Neuron Networks applied for successful prediction of the AlphabetSoup's project money usage.
From Alphabet Soup’s business team, a CSV containing more than 34,000 organizations that have received various amounts of funding from Alphabet Soup over the years. Within this dataset are a number of columns that capture metadata about each organization such as the following:
- EIN and NAME—Identification columns
- APPLICATION_TYPE—Alphabet Soup application type
- AFFILIATION—Affiliated sector of industry
- CLASSIFICATION—Government organization classification
- USE_CASE—Use case for funding
- ORGANIZATION—Organization type
- STATUS—Active status
- INCOME_AMT—Income classification
- SPECIAL_CONSIDERATIONS—Special consideration for application
- ASK_AMT—Funding amount requested
- IS_SUCCESSFUL—Was the money used effectively
Based on machine learning and neural network model building, we creatde a binary classifier that is capable of predicting whether or not an applicant will be successful if funded by Alphabet Soup using the features collected in the provided dataset.

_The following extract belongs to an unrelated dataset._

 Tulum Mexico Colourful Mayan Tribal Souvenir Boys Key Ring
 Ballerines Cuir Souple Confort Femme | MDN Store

We build our own machine learning model that will be able to predict the success of a venture paid by Alphabet soup. The trained model was used to determine the future decisions of the company—only those projects likely to be a success will receive any future funding from Alphabet Soup.
Established neurons and layers for the neural network model
There are 54 inputs, 3 layers with 20 in the first layers, 10 in the second layer and 5 in the third layer. In the beginning, two layers of 20 and 10 neurons, respespectively, have been applied, but the accuracy was only 50%. Then we gradually add layers and more neurons, and the final selction is a trade-off between the "too many" and "too few" neurons. Three layers are good for general scenarios. The trained model is given as follows.
Model calibration and steps to improve the model performance
Four steps have been applied to optimized the model to match 75% accuracy.
- Remove the noisy variables: 'EIN','CLASSIFICATION','APPLICATION_TYPE','STATUS'
- Add additional neurons to hidden layers.
- add additional hidden layers.
- Try the other activation function, but doesn't show significant improvement.
- Train with additional epochs, however, the convergence does not change too much after 100 iterations.
Other models we have tried which have shown competency with the neuron network model.
Random forest tree. Because the data is tabular and the random forest requires less coding and computation resources and runs faster than the neuron networks model, but the prediction accuracy is inferior.